A draft plan to serve California's self-represented litigants won approval from the State Bar Board of Governors last month, but only after several members expressed concerns that the plan to help pro pers, while well-intended, might create more problems.

Steven Ipsen
Ipsen

"This looks like a very noble idea," said Steven Ipsen, a deputy district attorney who represents Los Angeles, "but it undermines the legal profession. It falsely tells people they can go without a lawyer."

The plan, created by a Judicial Council task force that was established at the State Bar's behest, recommends ways for the court system to handle the growing number of people who represent themselves in court. Among its recommendations:

  • Establishing court-based self-help centers throughout the state and creating a support system for the centers;
  • Providing space in court facilities to offer help to those without lawyers;
  • Considering the needs of self-represented litigants in allocating judicial and staff resources;
  • Pursuing stable funding strategies; and
  • Giving the public realistic expectations about how the courts work.

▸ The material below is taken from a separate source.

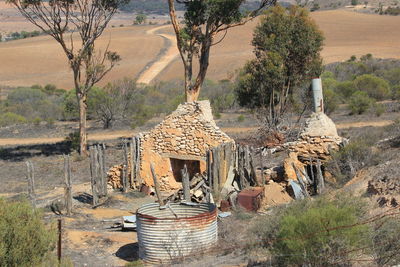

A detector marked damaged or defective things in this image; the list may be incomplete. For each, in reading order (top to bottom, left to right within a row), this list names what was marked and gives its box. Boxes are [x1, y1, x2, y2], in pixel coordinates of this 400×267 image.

"The issue of self-represented litigants is a serious concern for the justice system that has been ignored for too long," said Neal Dudovitz, executive director of Neighborhood Legal Services of Los Angeles County, where the court's self-help center was used by 50,000 people last year. "That's the tip of the iceberg," he added. "Thousands of people are left out of the system."

The reality is two-fold, according to Dudovitz and other public interest lawyers: there are not enough lawyers to help everyone who needs one, and self-help centers already exist and are here to stay.

The bar board has a policy of working with the Judicial Council to develop a plan to improve court access and services for self-represented litigants. Most of the board had no problem with the plan when it was presented in October.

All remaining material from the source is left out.